Retracing our steps, we walk to the foot of the massive granite rock which seems to be overseeing the welfare of the village. It is about 4.30 PM and the sun has lost its fiery sting. We start our climb and there are some 600 steps leading up to the top. With frequent stops by Anu to ‘catch her breath’, and taking the opportunity to look over our shoulders at the village far away down in the bottom and the Rajasthani countryside all around us, we make it to the top. A loudspeaker is blaring hymns from a small temple located in a rock cave. We meet the priest who is residing here for  past 10 years. He explains that he is from the state of Bihar. Talks briefly to us and tells us that he is here for the peace and tranquility. Another 100 yeards and we come across a statue of a White Elephant. It is on the highest point of the rock and serves as the “caretaker” of the village. Supposed to be an incarnation of Lord Janaka . We spend some time on the top – looking out onto the Aravalli Hills, the desert landscape and get beautiful pictures of the setting sun. The walk down is easier than the one going up!!!

Rawla Narlai

Rawla Narlai

We have signed up for the “Stepwell Dinner” and join a select band of foreigners ( we are the only Indians in the group). We are fitted up with traditional ‘tie and die’ Rajasthani Turbans and taken for a ride in a bullock cart through the village, which ultimately leads onto a forested area. The pitch black darkness around us is broken only by the soft glow of the moon above, and we finally stop at a clearing which boasts of a Stepwell. The most impressive impact is of the myriad oil lamps that decorate the place. As we make ourselves comfortable with drinks, we spot a “fakir” sitting in the bottom of the stairs, his old wizened face ash covered face set aglow by the reflection from the log fire in front of him. He plays his “Ektara” ( a one string Rajasthani instrument ), and sings religious hymns with a lot of fervor. We are offered cocktails with local snacks and we sip and chat away.
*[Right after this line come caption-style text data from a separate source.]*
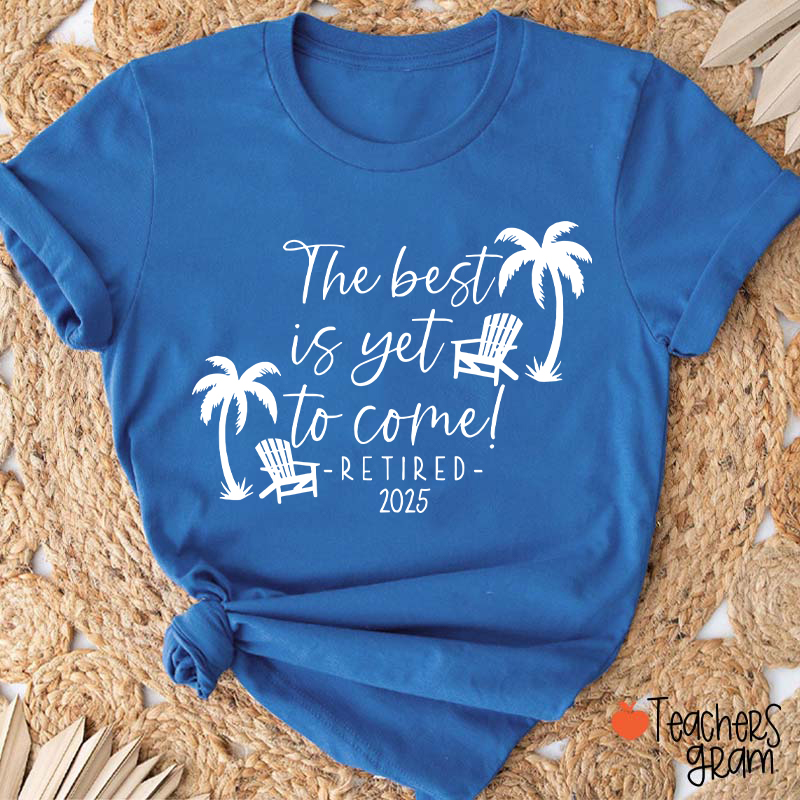 Personalized The Best Is Yet To Come Retired Teacher T-Shirt
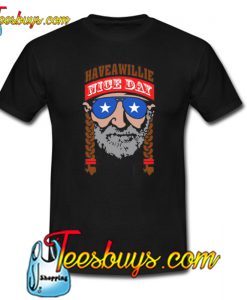 Willie Nelson Have A Willie Nice Day T-Shirt NT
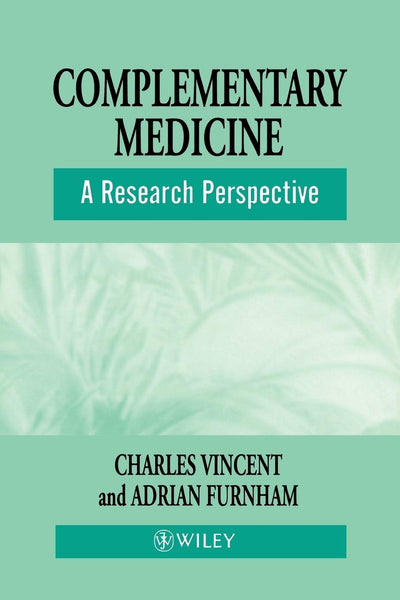 Complementary Medicine: A Research Perspective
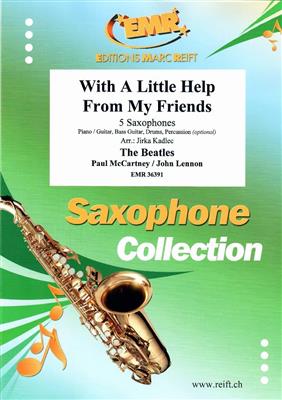 John Lennon: With A Little Help From My Friends: (Arr. Jirka Kadlec): Saxophones (Ensemble)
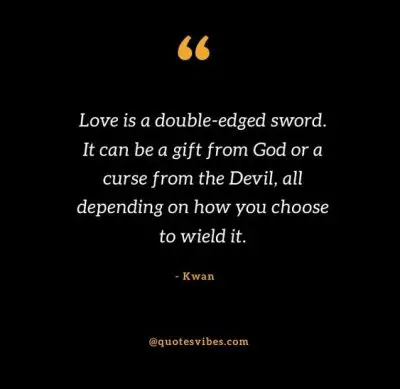 Double Edged Sword Love Quotes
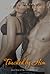 Touched By Him (The Untouched Series, #3)
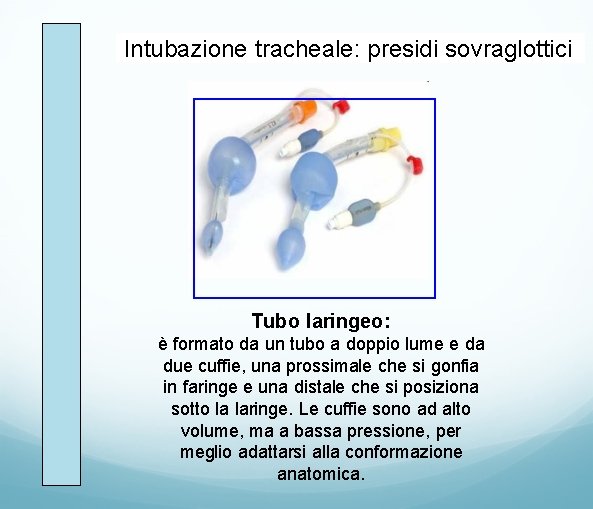 Intubazione tracheale: presidi sovraglottici Tubo laringeo: è formato da un tubo a doppio lume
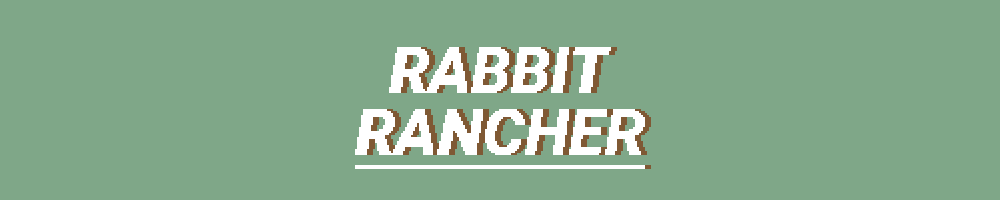 Rabbit Rancher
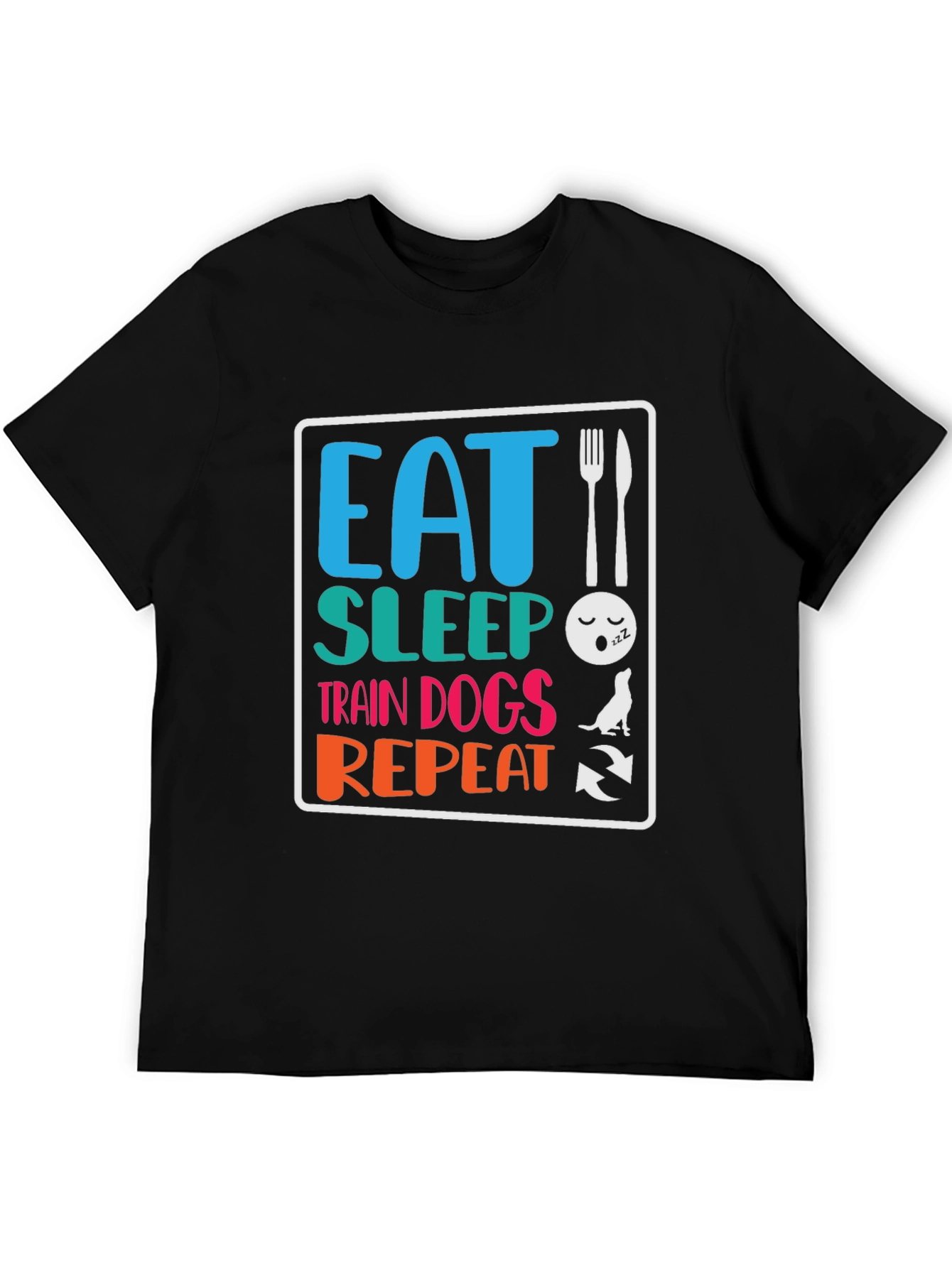 Eat Sleep Train Dogs Repeat Graphic Tee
The tables have been laid out for couples and it is an intimate affair. The “Thali dinner” is served in five courses and there is plenty of it.

The eerie glow of the lamps, the darkness all around, the moon above and the soulful music combine to lend an eerie touch to the occasion. We have a hearty meal and are then led back in jeeps to the Hotel for a well deserved rest.

You may have been to many places in Rajasthan but Rawla Narlai is certainly worth it. A well-kept secret till about a few years ago, it is a destination that is worth exploring when next in those neck of the woods!! Go check it out!